(Dataset extract):
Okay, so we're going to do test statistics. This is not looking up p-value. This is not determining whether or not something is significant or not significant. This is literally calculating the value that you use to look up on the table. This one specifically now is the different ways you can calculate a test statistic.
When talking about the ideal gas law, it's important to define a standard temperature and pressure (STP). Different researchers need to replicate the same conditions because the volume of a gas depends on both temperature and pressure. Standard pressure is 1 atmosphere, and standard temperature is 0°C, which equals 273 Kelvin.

--

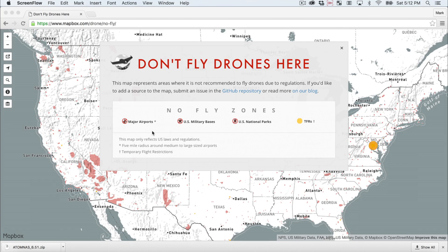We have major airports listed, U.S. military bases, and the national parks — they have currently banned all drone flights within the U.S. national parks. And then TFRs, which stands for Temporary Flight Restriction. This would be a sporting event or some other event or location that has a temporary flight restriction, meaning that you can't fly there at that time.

(Directions):
With the line that has "Okay, so we're" as the first and the line that has "When talking about" as the last, repeat exactly that run of lines above and no more.

(Task output):
Okay, so we're going to do test statistics. This is not looking up p-value. This is not determining whether or not something is significant or not significant. This is literally calculating the value that you use to look up on the table. This one specifically now is the different ways you can calculate a test statistic.
When talking about the ideal gas law, it's important to define a standard temperature and pressure (STP). Different researchers need to replicate the same conditions because the volume of a gas depends on both temperature and pressure. Standard pressure is 1 atmosphere, and standard temperature is 0°C, which equals 273 Kelvin.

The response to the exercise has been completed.